Crude price rebounds then settles

Sam Fletcher
Senior Writer

Crude futures prices rebounded more than $10/bbl in the first 3 weeks of September to a record high of $83.90/bbl Sept. 20 on the New York Mercantile Exchange then fluctuated in a $5/bbl range below that, subsequently closing at $81.22/bbl Oct. 5.

Olivier Jakob, managing director of Petromatrix GMBH, Zug, Switzerland, noted for the third consecutive week benchmark US crude futures had traded "in a very narrow range but still near record highs." Although West Texas Intermediate had declined, it was "still $21.45/bbl higher than a year ago," Jakob said.

Many analysts credited the weakness of the dollar for helping to keep energy prices at higher levels than otherwise could be expected. In late September into early October, the US dollar sank to its lowest level against the euro since 2004. The dollar index inched up just 0.4% Oct. 5 amid reports European finance ministers were trying to bring the euro down from record highs against the weakened dollar. That same day US officials said the economy improved with strong employment figures for September.

"Concerns over worrisome economic indicators have undermined oil prices on fears of a slowdown in oil demand growth," said analysts at KBC Process Technology Ltd. in Surrey, UK. They predicted, "Crude oil prices will not hold above $80/bbl, and this will lead to liquidation of speculative length and a sharp drop in oil prices, sooner rather than later."

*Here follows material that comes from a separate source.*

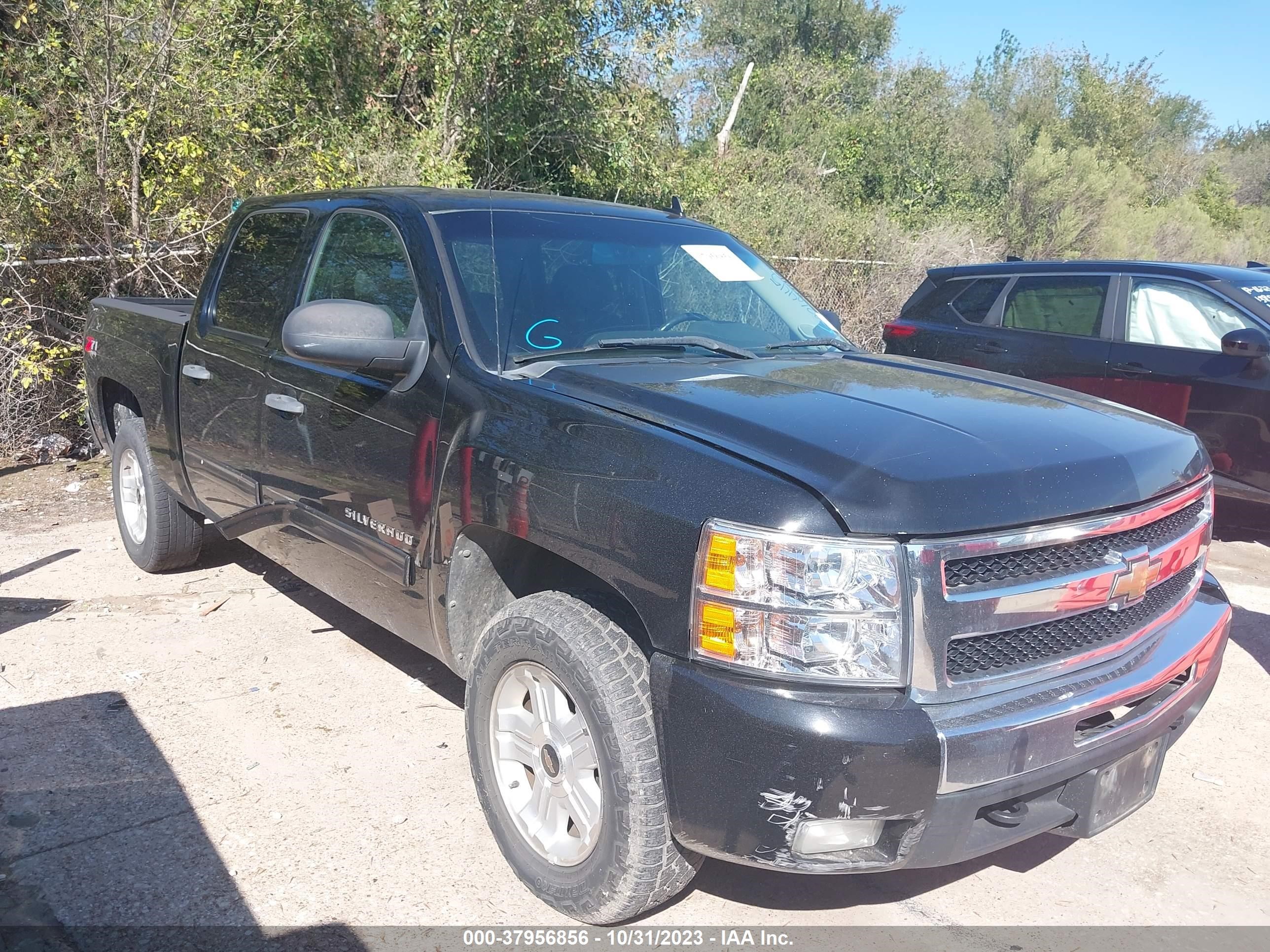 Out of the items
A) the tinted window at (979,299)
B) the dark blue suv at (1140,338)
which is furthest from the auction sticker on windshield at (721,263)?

The Societe Generale Group in Paris said increased refinery maintenance and retreating refining margins should pull down crude prices through reduced demand. "Refining margins are poor everywhere on a sharp fall last week, except in Singapore," group analysts reported Oct. 8. Even so, they said, "It will take time for lower runs to tighten product balances."

'Bullish' indicators
However, analysts in the Houston office of Raymond James & Associates Inc. said: "The global oil outlook looks as bullish as we have seen in many years. We are looking at meaningful oil inventory reductions, despite the following (very conservative) supply-demand assumptions. First, we believe the oil market will continue to overestimate non-OPEC's ability to grow production; this is a trend that will likely continue for the next decade. Second, since non-OPEC oil supply is not going to be able to meet the rising demand, the world is going to be increasingly dependent on the Organization of Petroleum Exporting Countries' ability to increase production. We are assuming that key OPEC producers ramp back up 2008 production to peaks seen in late 2005. Finally, limited oil supply growth forces us to model a slowdown in oil demand growth in both the US and Asia."

Raymond James forecast worldwide oil demand will grow only 1.5% vs. the Paris-based International Energy Agency estimates of 2.4% growth in 2008. "Even with lower demand growth assumptions and Saudi Arabia returning to late 2005 production highs, global oil inventories are likely to fall again in 2008. Ultimately, as worldwide inventories continue to fall and mature oil fields continue their production declines, we expect oil prices to maintain their bullish trajectory. Accordingly, we are increasing our 2008 oil price forecast from $70/bbl to $80/bbl and setting our initial 2009 forecast at $85/bbl," Raymond James analysts said.

Still, KBC analysts point out the "virtual disappearance" of US demand growth in the third quarter. "US expansion appears to have been curtailed as falling house prices dent both consumer confidence and construction activity," they said.

After falling in August, US gasoline inventories were down to 191.3 million bbl in the last week of September. "While this is a massive 22 million bbl below the record high level for this time of the year in 2006, the peak demand season is over, and the threat of hurricane disruption is fast receding. The front month NYMEX gasoline crack has fallen below $3/bbl, which appears to belie stated market concerns over tightness in gasoline. Moreover, it seems to suggest that the current high level of speculative length in gasoline (47,000 contracts) could be vulnerable to liquidation," said KBC analysts.

US distillate fuel stocks were at 135.9 million bbl in the same week—an "adequate level" said KBC analysts. "Thus, with forecasts of a comparatively mild fourth

quarter, speculators might also be carrying a high level of exposure on No. 2 heating oil with a net long position of 37,000 contracts, especially when refinery output rises later in October as the current period of US refinery maintenance draws to a close. Any sell-off in either gasoline or heating oil would also impact on the price of crude," they said.